» Task objective
Your copy begins at the line with "2 Mochilas Quechua 40L Naranja y Negra" and runs through the end of the data below. Set down only those lines exactly, without pictures.
=== Record excerpts ===
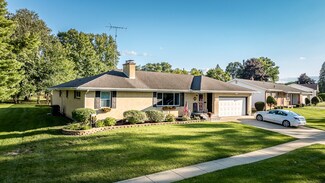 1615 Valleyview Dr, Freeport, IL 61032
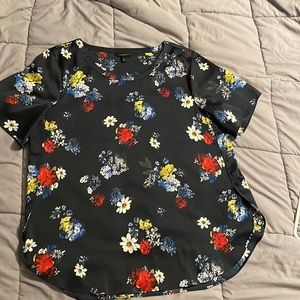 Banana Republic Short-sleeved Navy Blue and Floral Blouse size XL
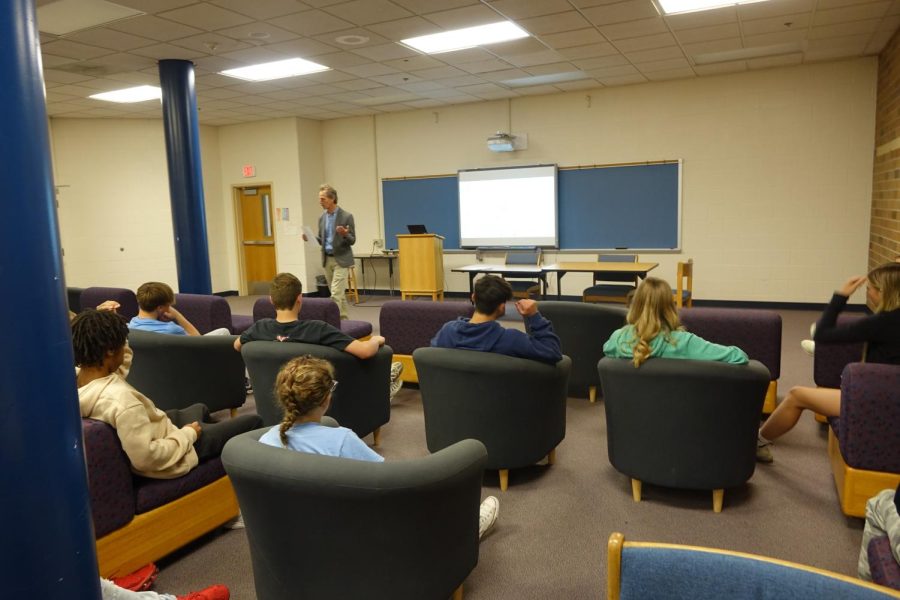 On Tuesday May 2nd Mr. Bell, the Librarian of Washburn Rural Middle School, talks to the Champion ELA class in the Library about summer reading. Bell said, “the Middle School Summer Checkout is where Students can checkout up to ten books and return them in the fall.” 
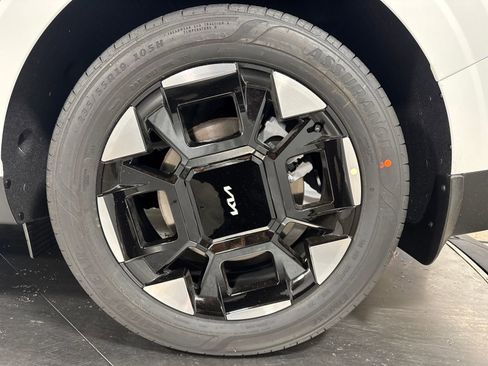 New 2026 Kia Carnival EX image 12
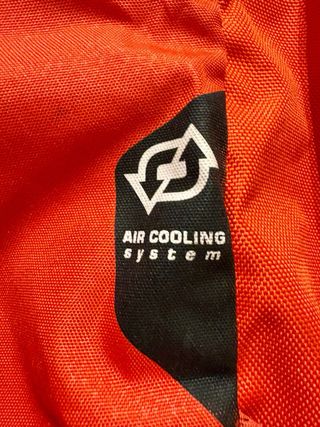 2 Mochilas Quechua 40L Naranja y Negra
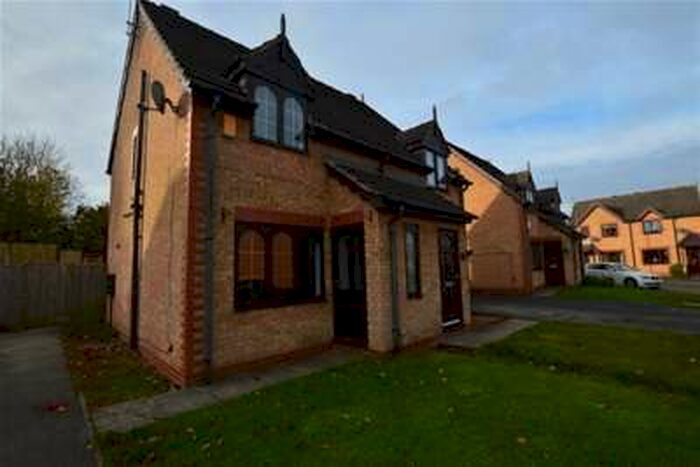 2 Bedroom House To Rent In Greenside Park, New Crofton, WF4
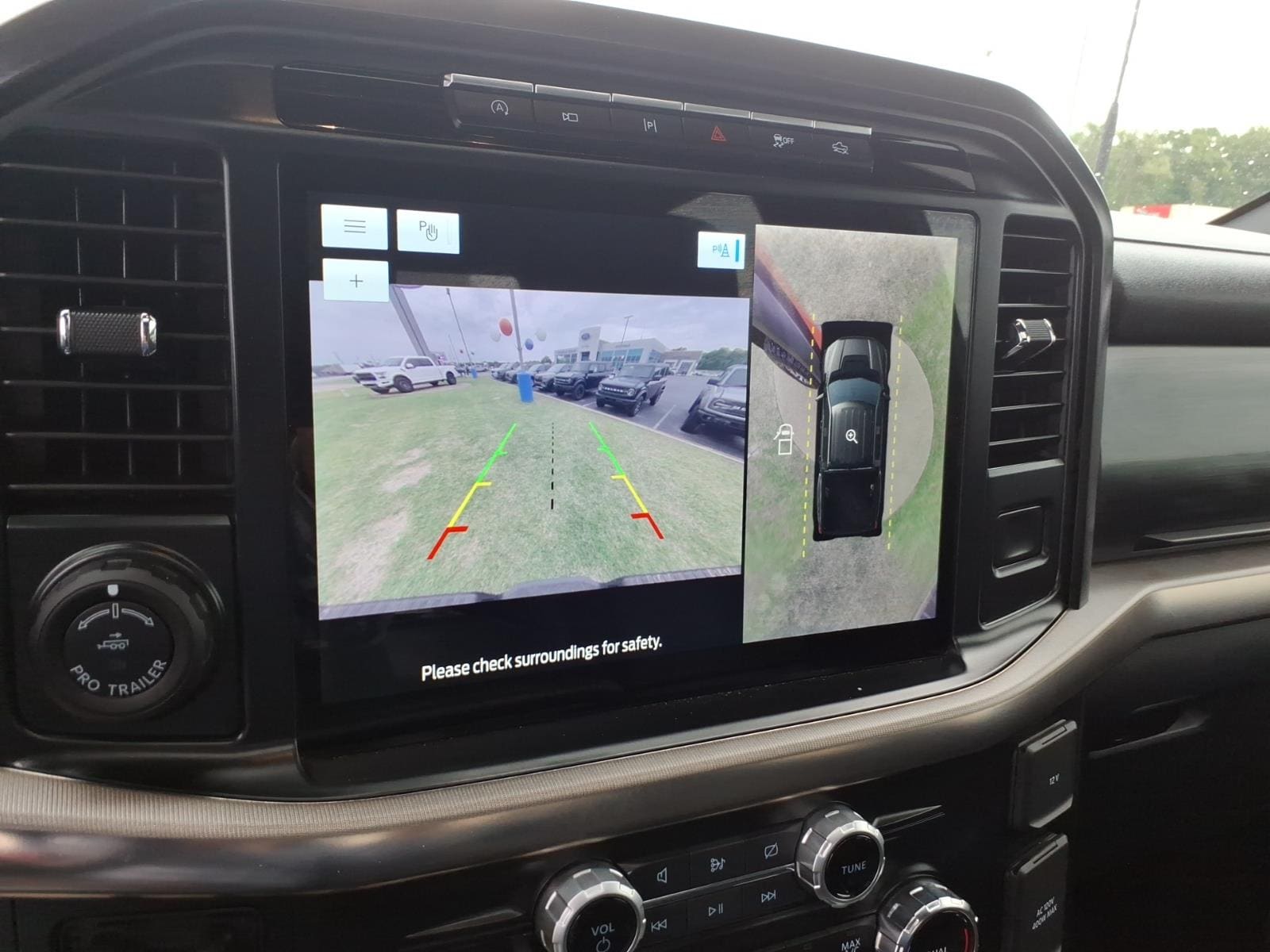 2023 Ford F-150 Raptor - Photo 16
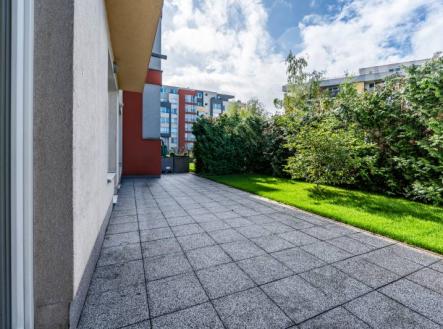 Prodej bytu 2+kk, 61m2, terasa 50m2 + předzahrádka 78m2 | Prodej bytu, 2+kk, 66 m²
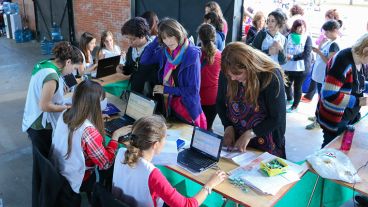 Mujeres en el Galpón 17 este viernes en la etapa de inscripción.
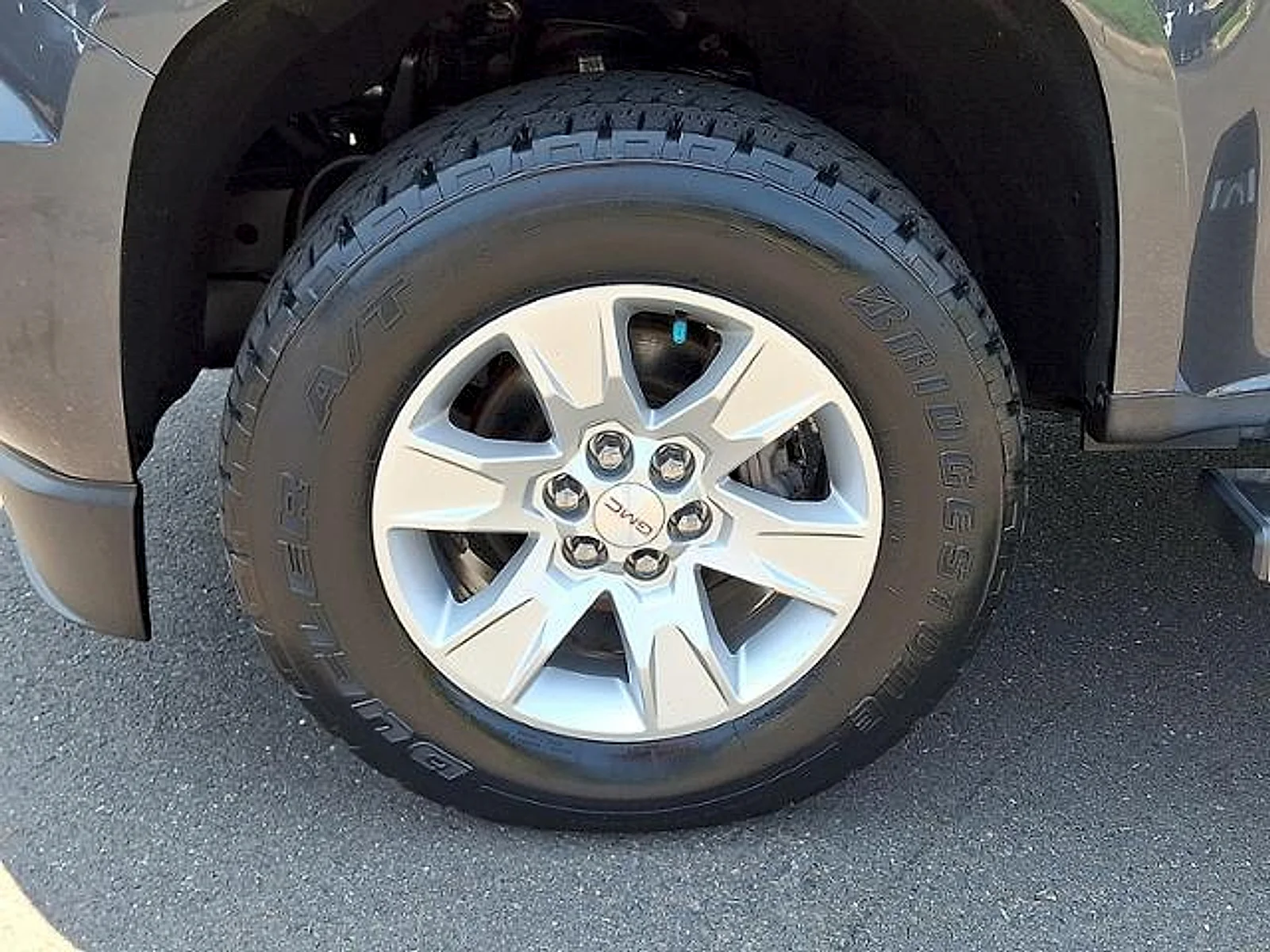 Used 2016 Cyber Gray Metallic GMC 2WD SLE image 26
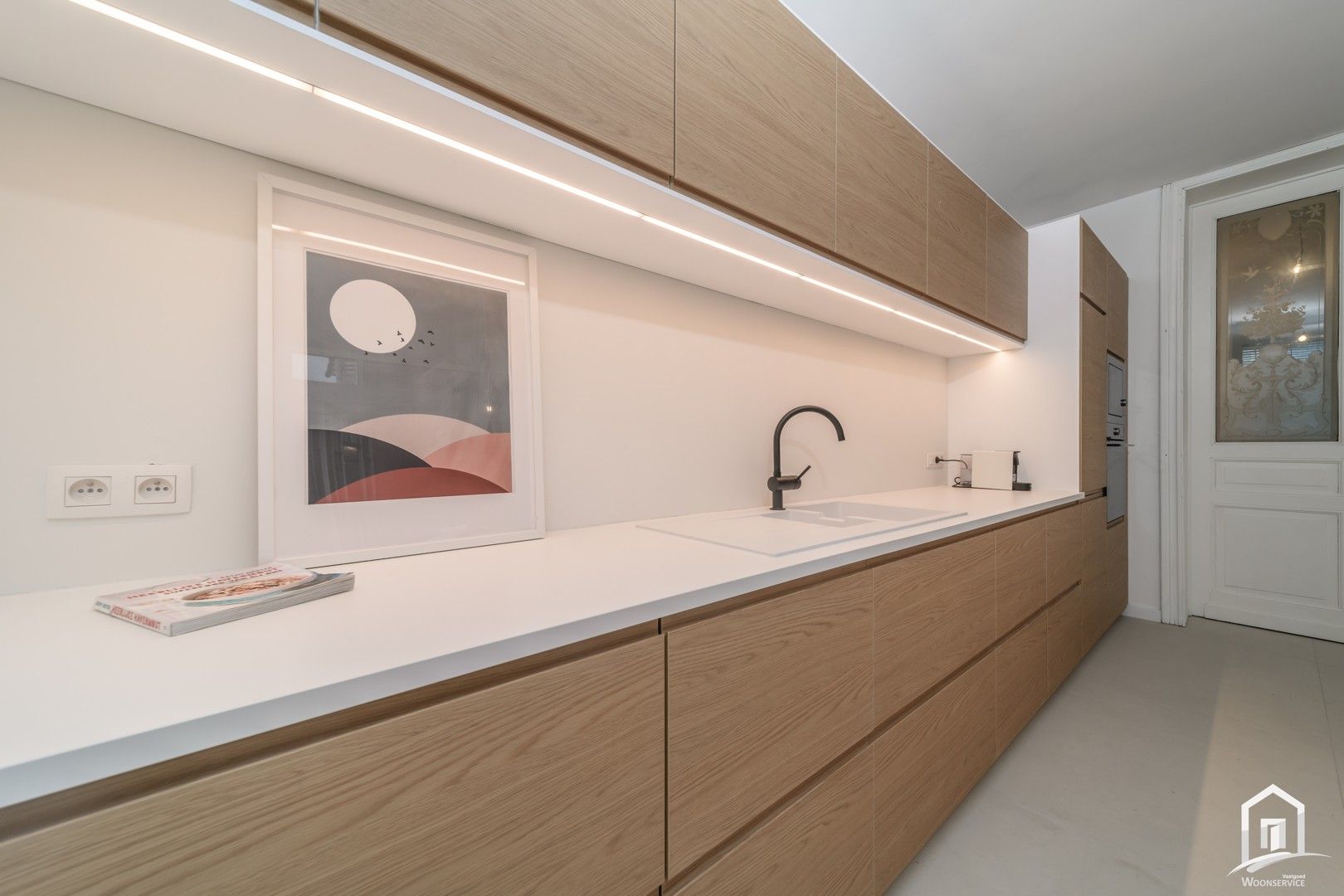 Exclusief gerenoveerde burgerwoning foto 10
===
» Answer to this task
 2 Mochilas Quechua 40L Naranja y Negra
 2 Bedroom House To Rent In Greenside Park, New Crofton, WF4
 2023 Ford F-150 Raptor - Photo 16
 Prodej bytu 2+kk, 61m2, terasa 50m2 + předzahrádka 78m2 | Prodej bytu, 2+kk, 66 m²
 Mujeres en el Galpón 17 este viernes en la etapa de inscripción.
 Used 2016 Cyber Gray Metallic GMC 2WD SLE image 26
 Exclusief gerenoveerde burgerwoning foto 10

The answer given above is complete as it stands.